Alex Salmond, Rupert Murdoch and the Pitfalls of Crony Capitalism
Gerry Hassan
The Guardian Comment, April 26th 2012
Alex Salmond, Scotland’s First Minister, has emerged as a significant player in the Leveson inquiry. This is a result of the release of 163 pages of emails from News Corporation which have publicised the extent of their contacts with the Scottish Government.
The charge is that the Scottish Government were prepared to go into bat for the Murdoch empire as a quid pro quo for ‘The Sun’ supporting the SNP in last year’s elections. This is contested and denied by Rupert Murdoch and Salmond.
What is incontrovertible is that Salmond agreed last March to make a call to Jeremy Hunt, Culture Secretary, to support Murdoch’s BSkyB takeover bid. This call was meant to happen, but didn’t.
To Salmond, this train of events is about the business of promoting Scotland, jobs and investment, as he has commented, ‘arguing for the Scottish interest is what this government does’. At First Minister’s Questions earlier today, he stated, ‘the job of a First Minister is to advocate jobs for Scotland’.
Beyond the accusations and denials, we now know that the Scottish Government last year had a policy of supporting the BSkyB bid, believing in Salmond’s words that it would be ‘good for Scotland’. This official policy was never publically announced, kept secret and only came out yesterday in the avalanche of News Corp emails.
There is a pattern here of modern politics and politicians; Alex Salmond’s courting of Rupert Murdoch follows Thatcher’s ideological love-in with Murdoch. From this New Labour learned to love the Murdoch empire, and subsequently the Cameroon Conservatives and Salmond’s SNP have followed suit.
Salmond’s style of politics seems to involve ‘big beast politics’, of deal making, attracting controversial, charismatic, alpha-males and being impatient or oblivious to the downside of such actions. There is an attraction to wealth and power from Fred Goodwin to Donald Trump (giving evidence to the Scottish Parliament yesterday against wind farms in light of his relationship with Salmond going sour), and Rupert Murdoch.
The actions of Salmond and the SNP are what modern, successful parties do. New Labour fawned at each of these figures as well, as have the Tories. The SNP like New Labour at its peak are a ‘big tent’ coalition, from corporate interests to social democracy.

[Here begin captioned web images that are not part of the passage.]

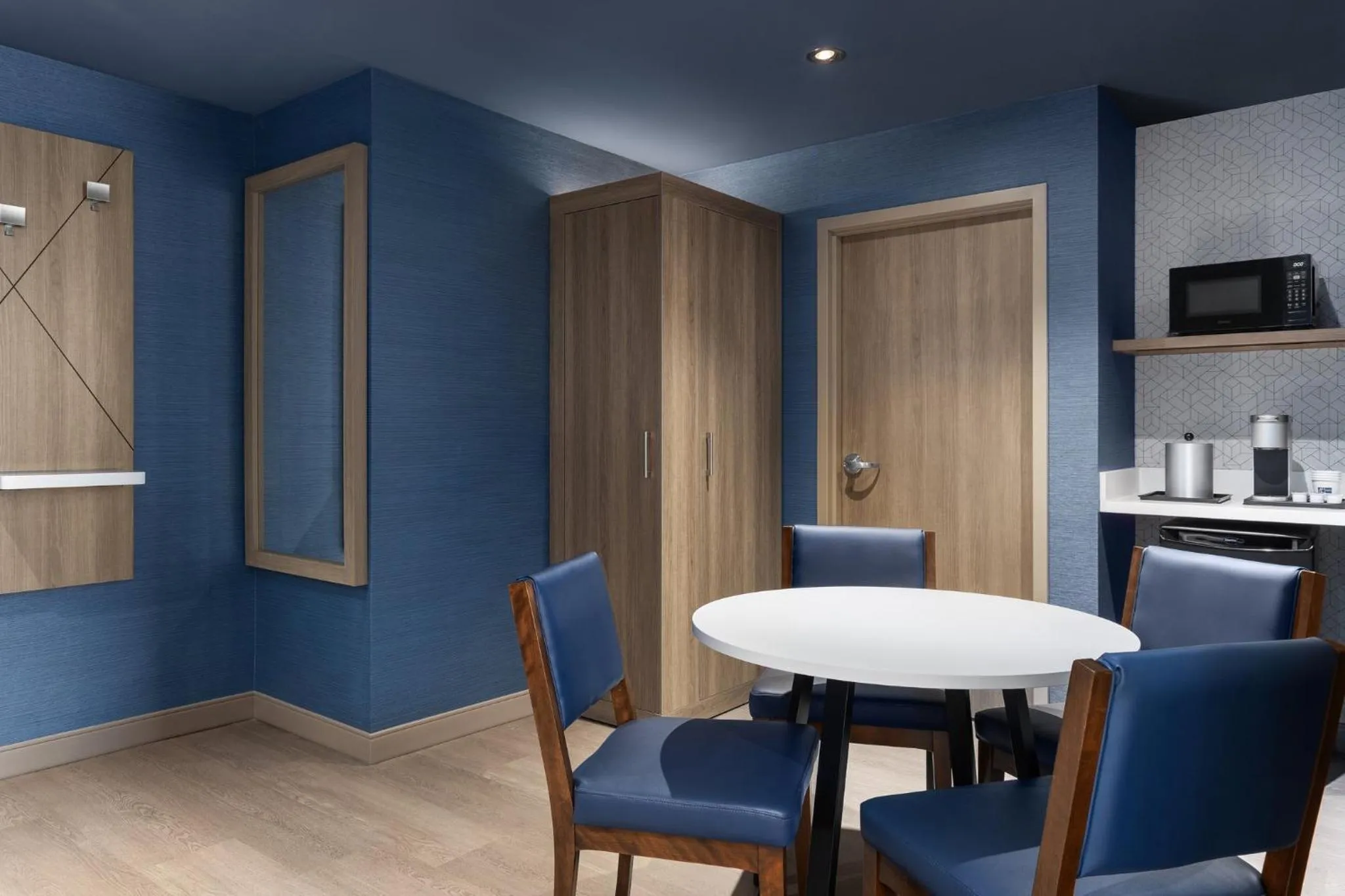 Photo of the whole room in Holiday Inn Express Montreal Airport - St-Laurent by IHG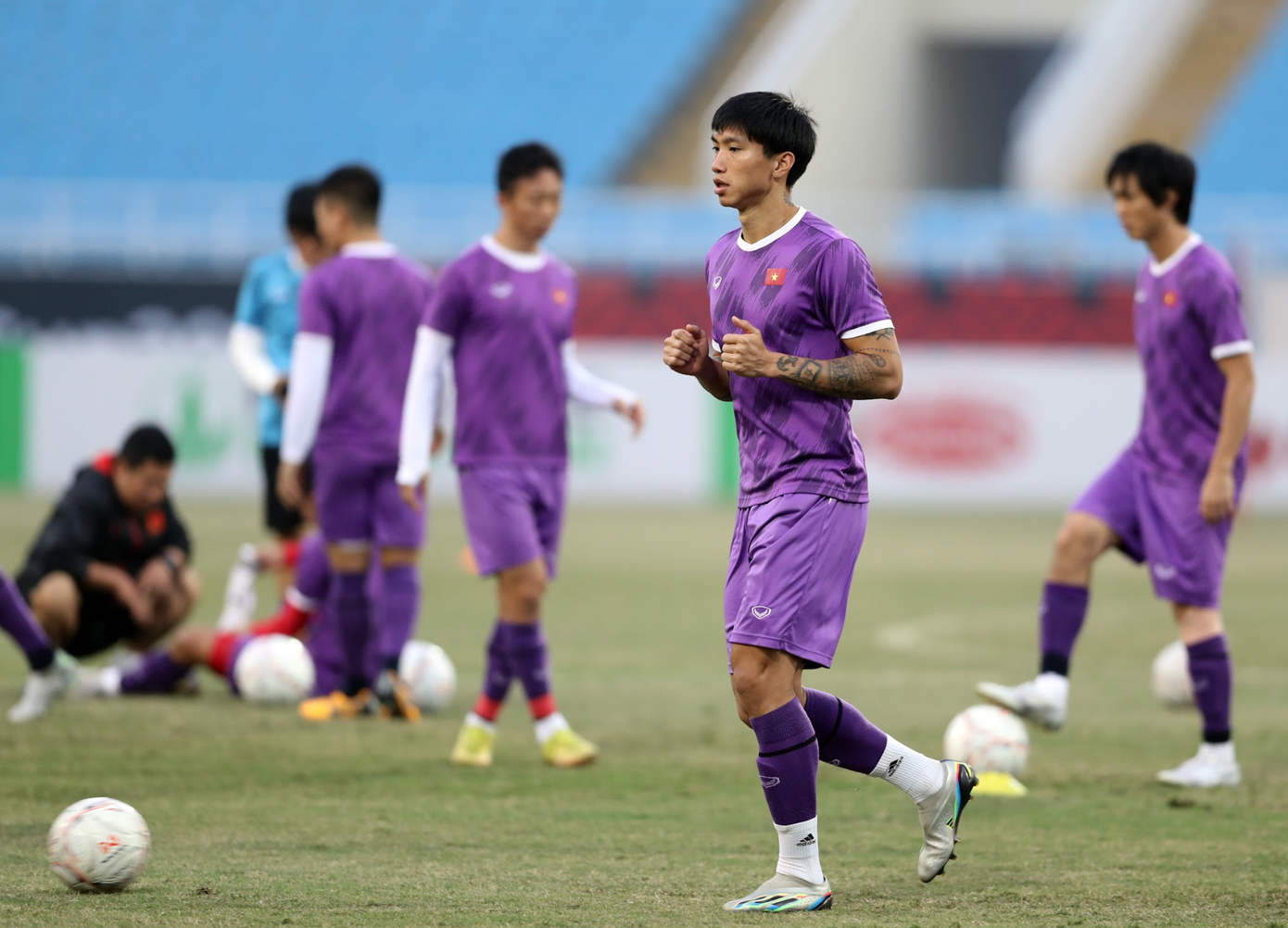 Văn Hậu bị HLV Indonesia Shin Tae-yong chơi đòn tâm lý khi post bài chỉ trích hậu vệ ĐTVN trên mạng xã hội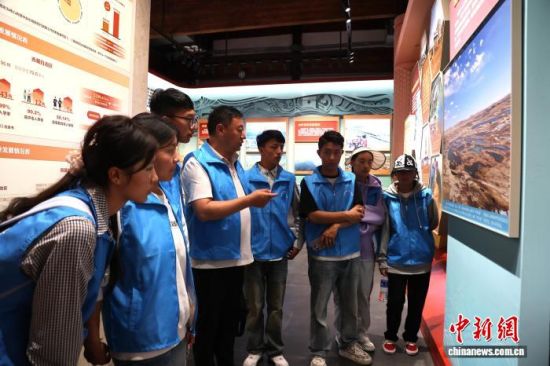 图为玉树青少年在蒙藏学校旧址参观。张海雯摄 图为玉树青少年在蒙藏学校旧址参观。张海雯摄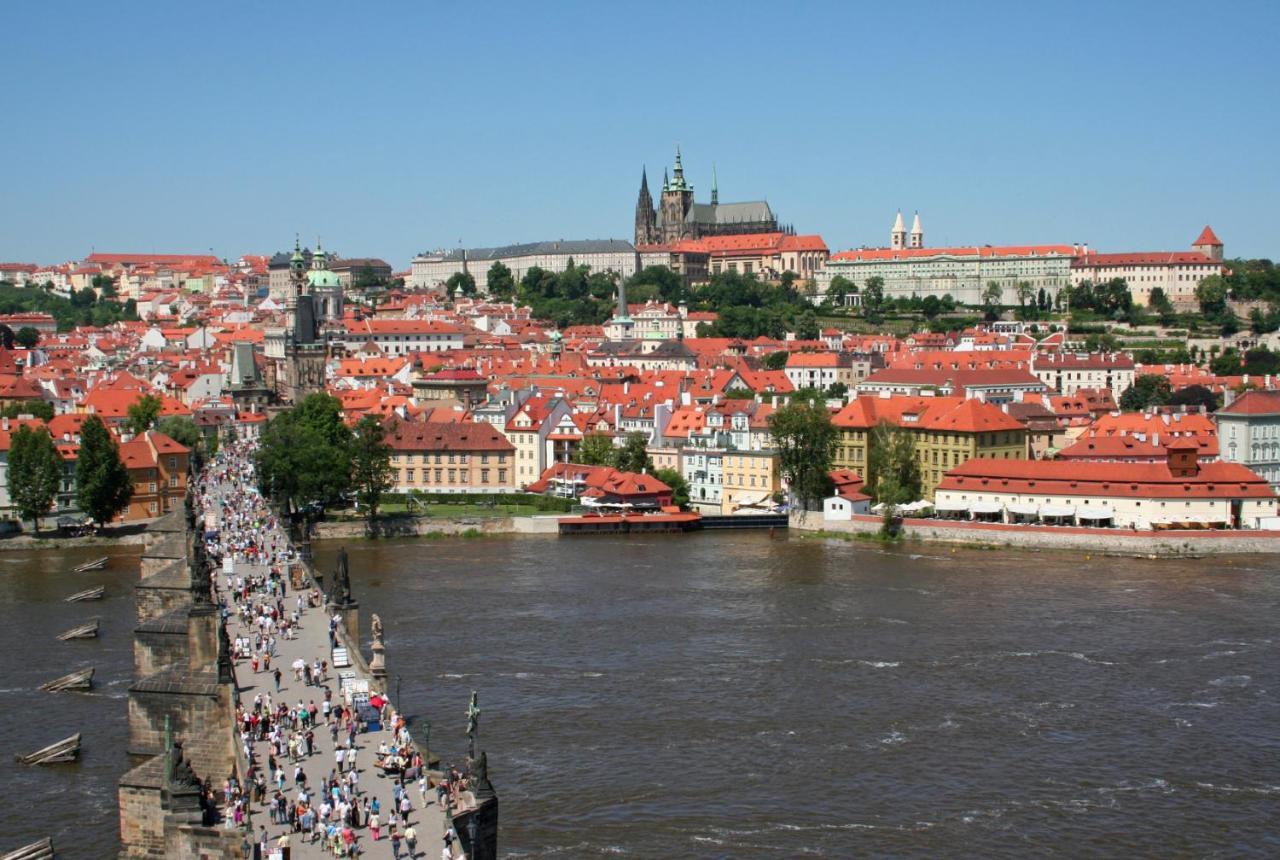 Apartment Vltava Praha Bagian luar foto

Rupert Murdoch has said that Alex Salmond is ‘an amusing guy’ and that he is ‘interested in the writings of the Scottish Enlightenment and intrigued by the idea of Scottish independence’. The latter is well known and seen as possible payback for a perfidious British political class now are eager to spurn him. His interest in the Scots Enlightenment has so far evaded any students of Murdoch’s media output.

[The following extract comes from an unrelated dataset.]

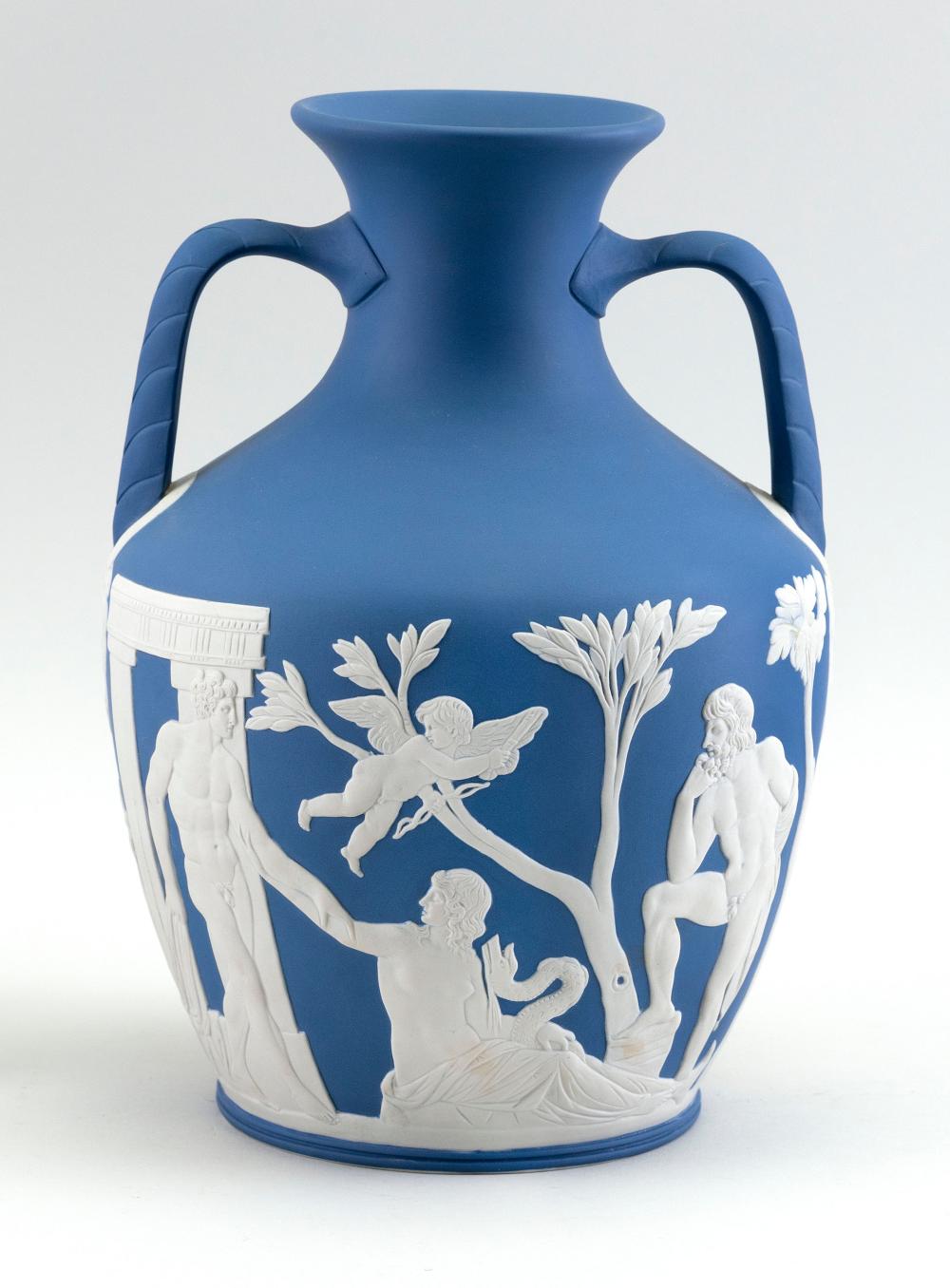 WEDGWOOD BLUE JASPER DIP PORTLAND VASE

Alex Salmond will probably escape from this latest episode, aided by the weakness of his Scottish opponents. Labour’s leader north of the border, Johann Lamont did well today in their parliamentary exchanges, showing a genuine moral indignation, without landing a killer punch. A more likely outcome for Alex Salmond unless he changes course is that the slow drip of his infatuation with ‘big beasts’ along with a lack of serious party opposition will gradually diminish him: the way it did Blair.

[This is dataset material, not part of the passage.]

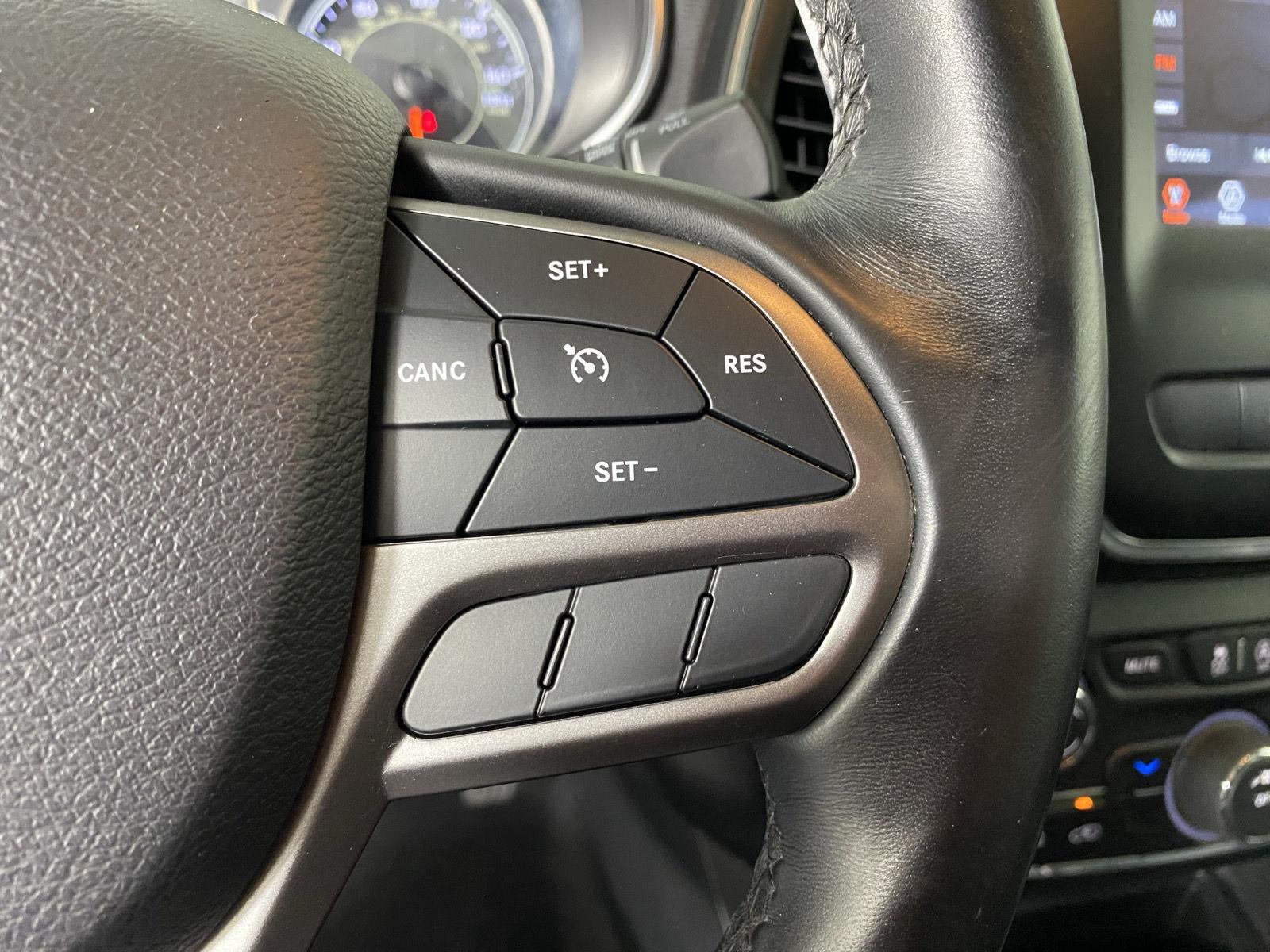 Used 2019 Granite Crystal Metallic Clearcoat Jeep Latitude Plus image 15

Scottish self-government has been shaped by a belief that Scotland can govern itself, mobilise resources and do better than the British state with its record of Afghanistan and Iraq, market fundamentalism and a broken political class.
That is still true, and up until now it has been aided by a decent, competent government led by a popular leader. The Scottish government and civil service are still, despite the Murdoch saga, not in hock to the corporate classes, outsourcers and vulgarians of Anglo-American capitalism. Scotland’s public services are not being broken up and handed over to private interests. Yet, the events of the last few days show that Salmond has a blind spot to crony capitalism and the manipulated politics and democracy which fed it.
This matters to the crucial debate about Scotland’s constitutional status. The moral dimension in this has become a bit less clear this week and could become even cloudier unless Salmond and the SNP learn some fundamental lessons.
The SNP and self-government forces are going to have to become explicit about their different Scotland, make choices and flesh out a progressive politics. This will entail speaking about a different kind of economy after the Blair-Brown bubble, championing social justice, and practicising a very different politics. A generally well-disposed nation awaits a politics of this terrain, from either the SNP, Labour or other self-government forces, having giving up on the Tories long ago and the Lib Dems in the last year. An alliance with Rupert Murdoch and advocating for his business interests shouldn’t have any part of this.